Review: Cock and Bull, Royal Festival Hall

“Hard working people, people who work hard…”

A stunning piece of provocative performance art, Cock and Bull grabs Tory political rhetoric by the pussy, slaps it on the arse, tells you to ‘calm down dear’ and then dares you to look away. Posited as “an alternative party conference”, it was originally created as a response to the build-up to the 2015 general election but as it turns out, the empty promises of politicians are timeless and so Cock and Bull continues to be reconceived and performed, finding both new and continued resonance.

That political rhetoric is mostly hot air should come as little surprise to most, but what performers and co-creators Nic Green, Laura Bradshaw, and Rosana Cade espouse here is something more profound. Tapping into the despair so brilliantly surmised by Brenda from Bristol, echoes of Tory party slogans disintegrate into attritional word poems, focus group-friendly body language gives way to boorish Bullingdon carousing, the hollowness of contemporary political campaigning is exposed.

Through the repetition of language and movement, and the gradual removal of their (male) battle armour, the suits and lustrous body paint (all that glitters truly isn’t gold), there’s a sense of being worn down, or retreating behind the front door like Brenda. But where we thought we saw deterioration, what we’re actually witnessing is development – an inch-by-inch move towards enlightenment, stripping as an act of liberation, a recognition that coming together doesn’t necessarily have to result in a coalition of chaos (indeed, the climactic embrace reminded me of this).

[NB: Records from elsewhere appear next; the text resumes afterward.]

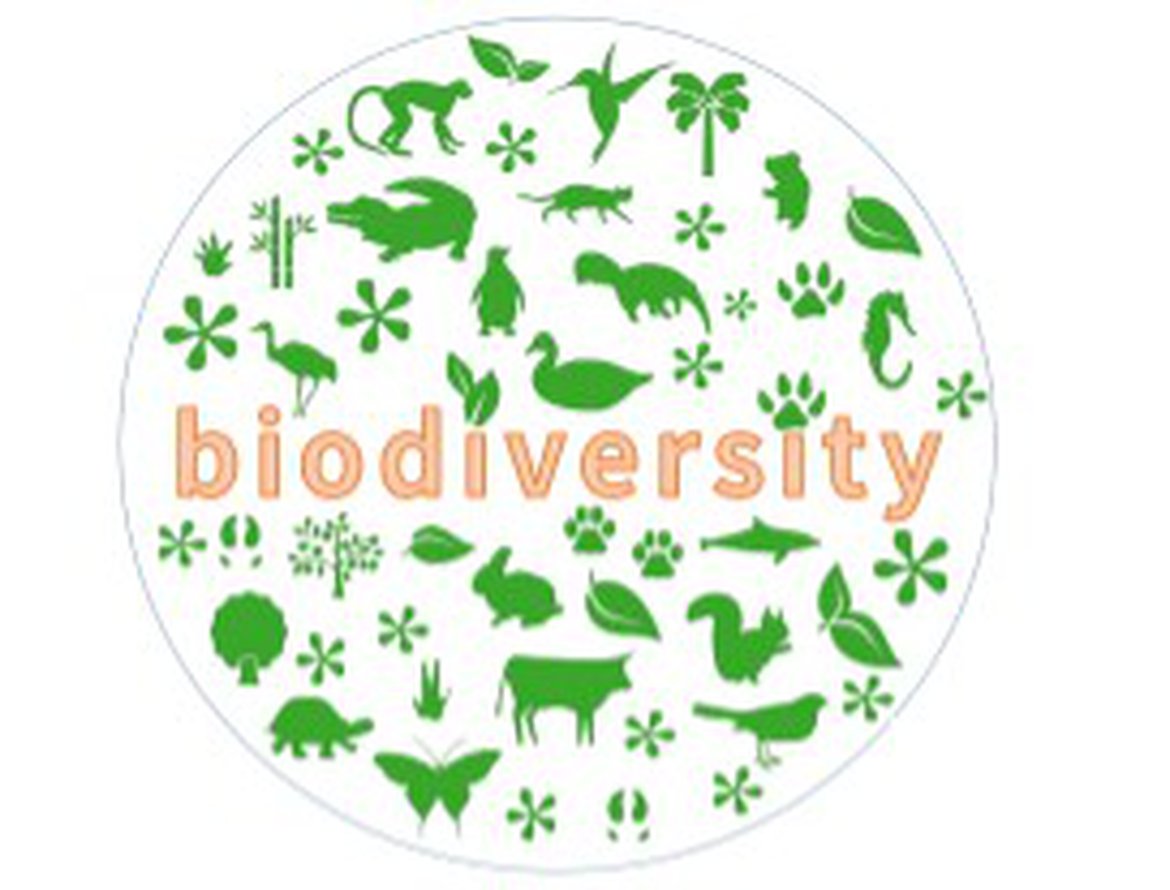 Biodiversity means something.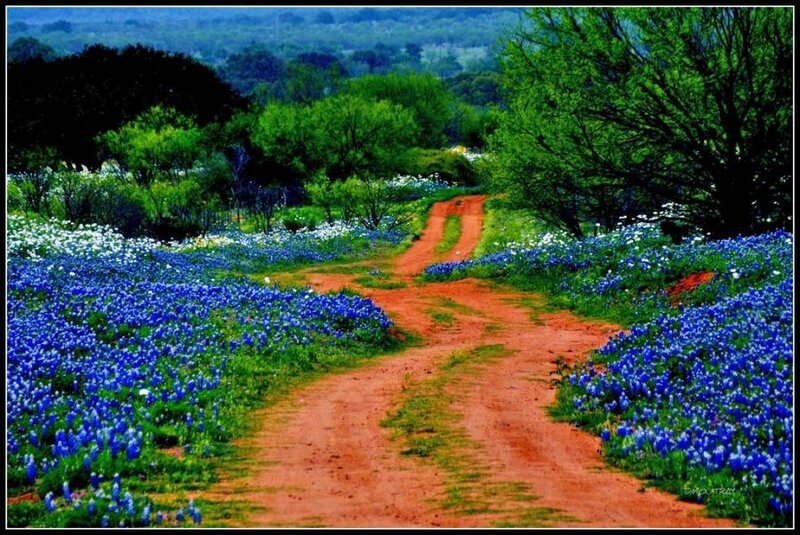 Dirt path through wildflowers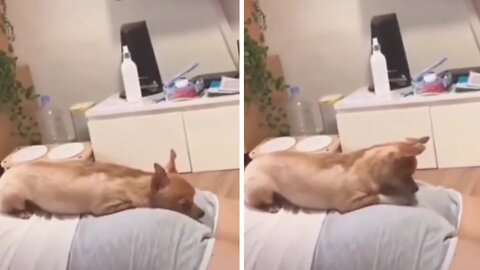 The dog was sleeping on this girl's body then what happened to the dog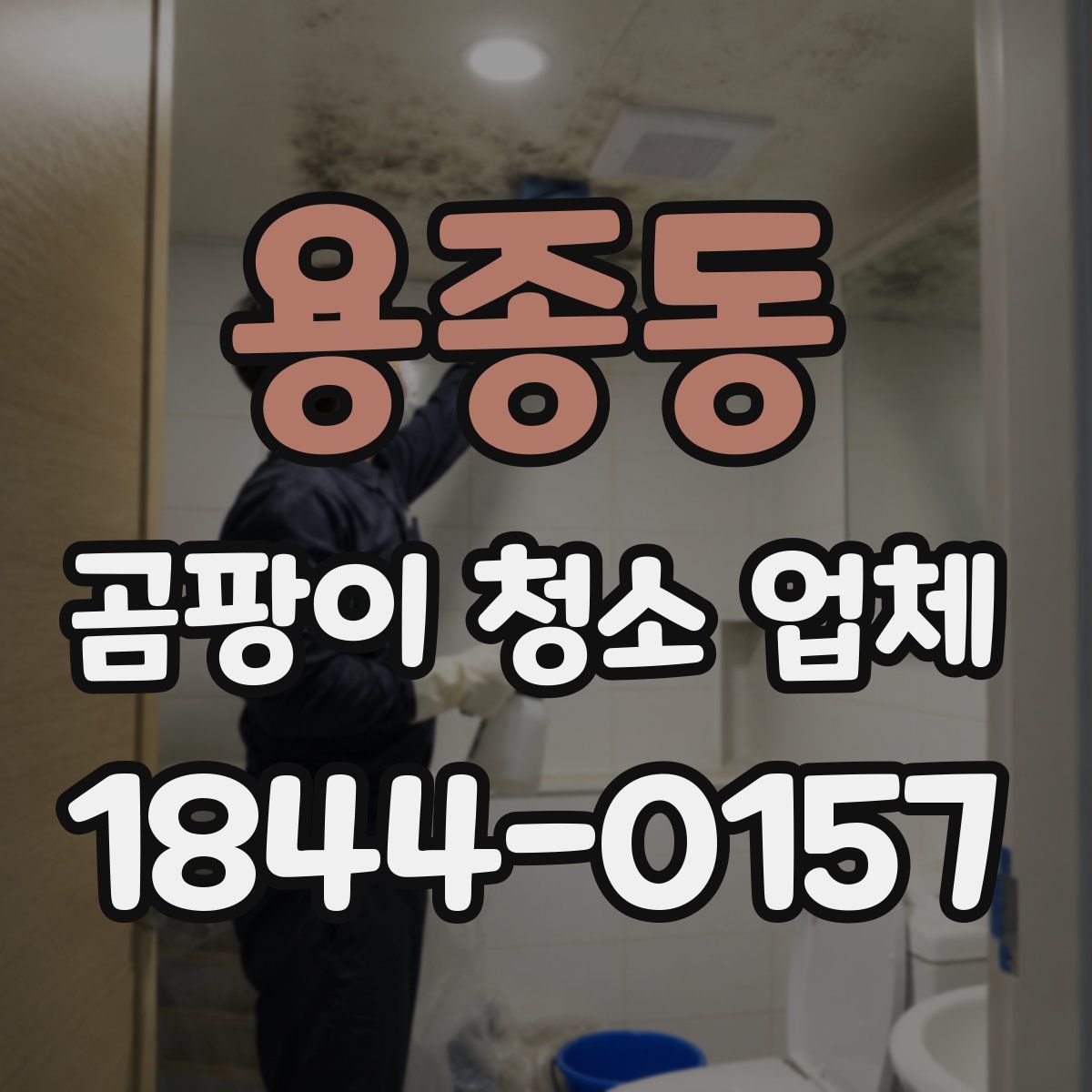 용종동 곰팡이 청소 업체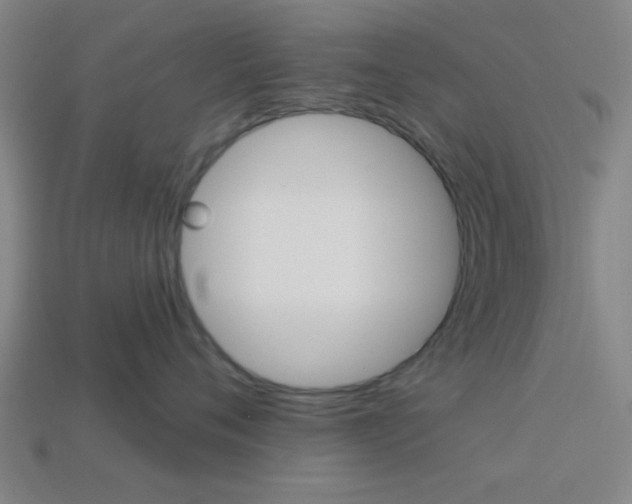 X0000113980720200910020949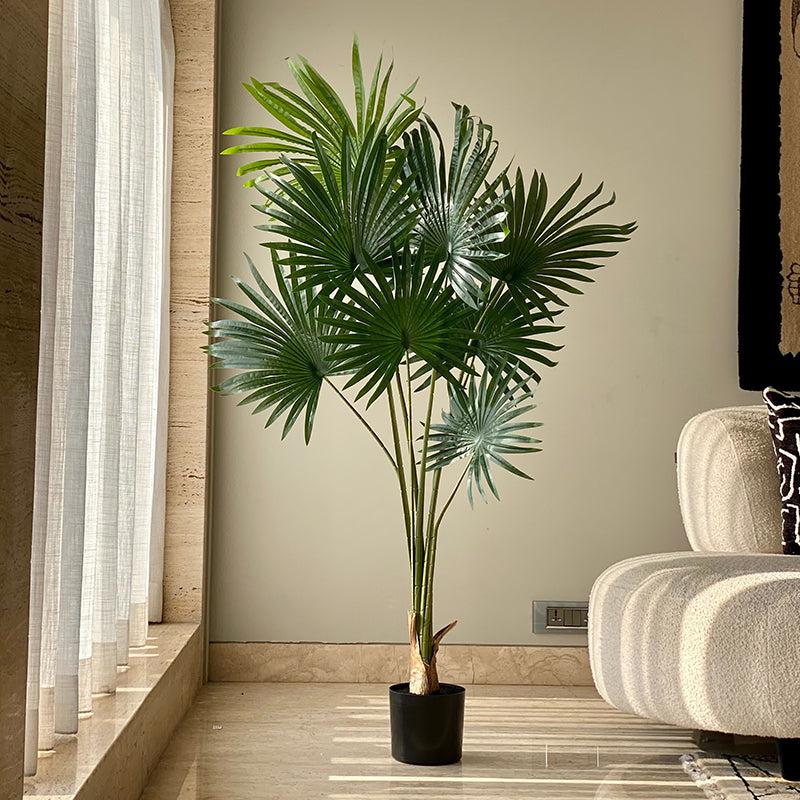 Buy Faux Fan Palm Tree - 5 Feet Artificial Plants from Vaaree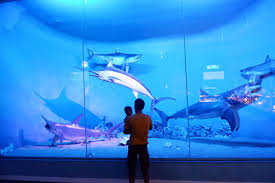 Museum Jawa Timur Park 2(1).jpg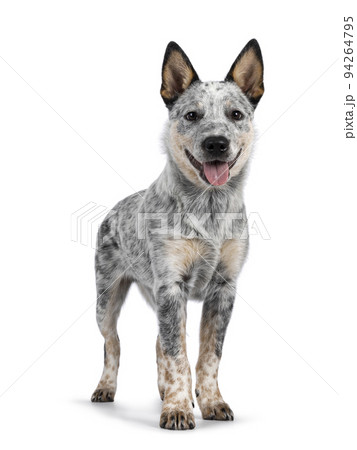 Cattle dog on white background 94264795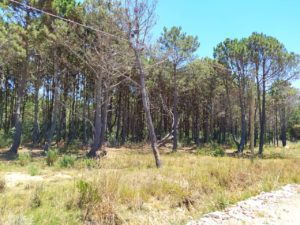 nuevo lote terrenos en barra do chuí (Barra Brasilera)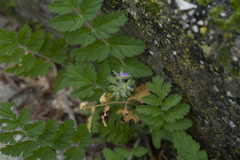 Erodium moschatum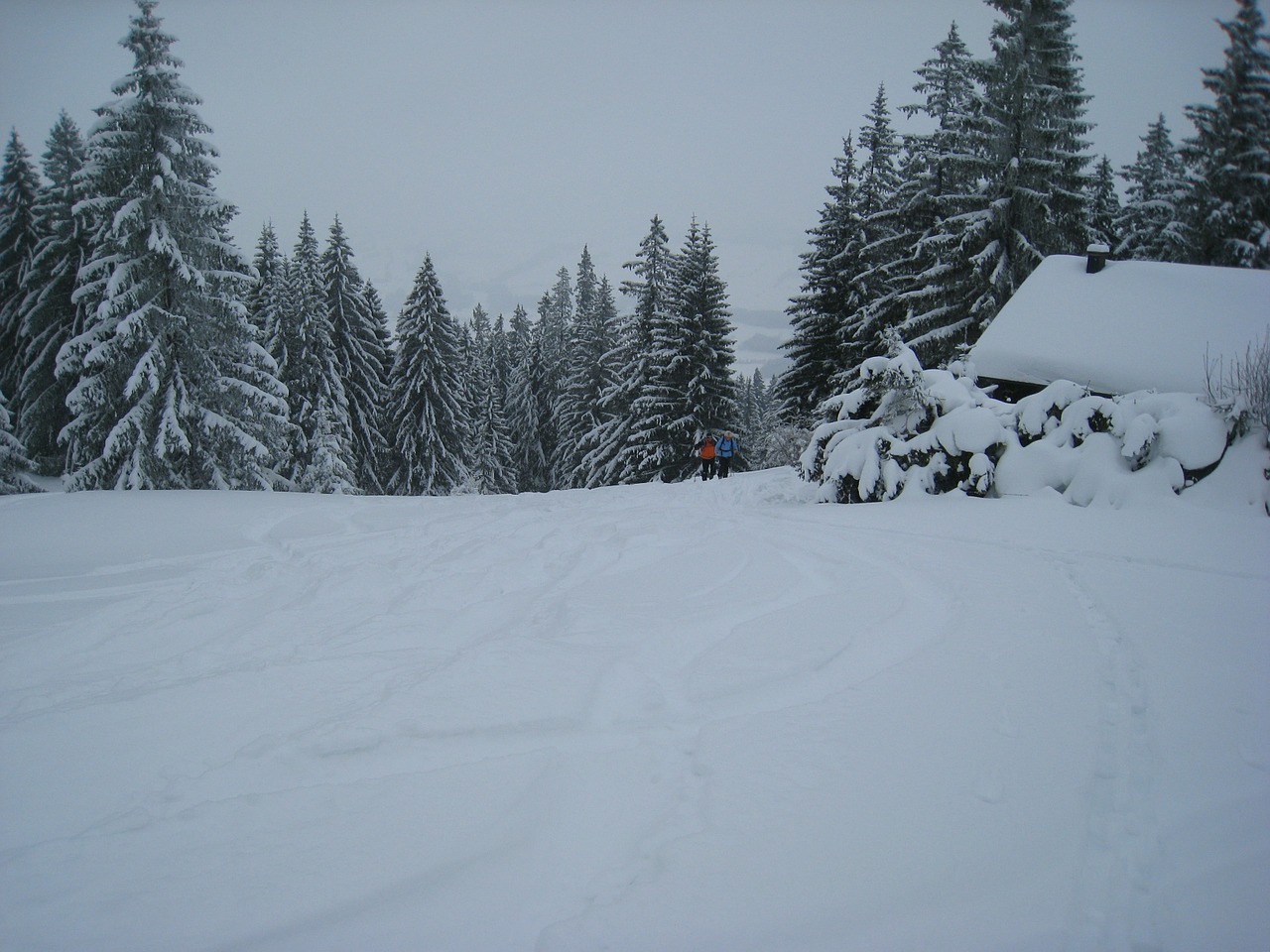 Allgäu, Slidinėjimas Atokioje Pakrantėje, Miškas, Sniegas, Namelis, Žiema, Gilus Sniegas, Alpių, Žiemą, Nemokamos Nuotraukos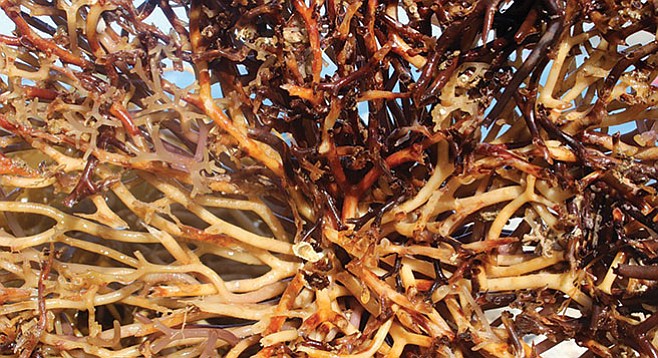 Near a washed-up kelp holdfast lay a finger-like gelatinous white blob.  - Image by Catalina Marine Institute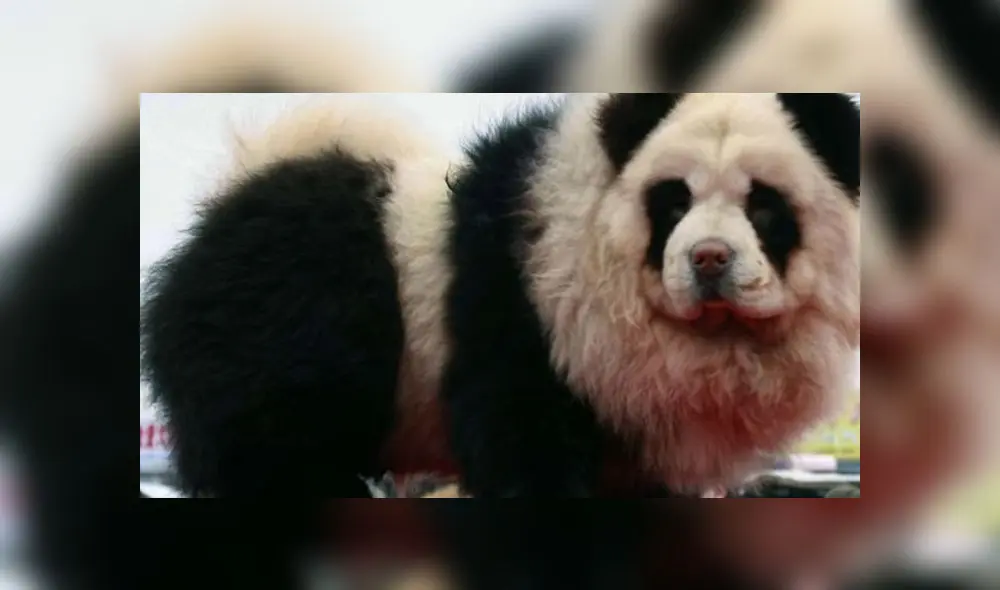 Polémica por cafetería que ofrece teñido a mascotas Polémica por cafetería que ofrece teñido a mascotas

And as we move towards another general election here in the UK, there’s also a fascinating tension with Cock and Bull and how it sits with the current leadership. There’s no end to banal ‘strong and stable’ sloganeering but there’s also the reality of the first, and only, two female leaders of the country coming from the very party being excoriated here. It’s just another layer to consider in a powerfully evocative piece of theatre that reminds us exactly how much of politics is pure performance.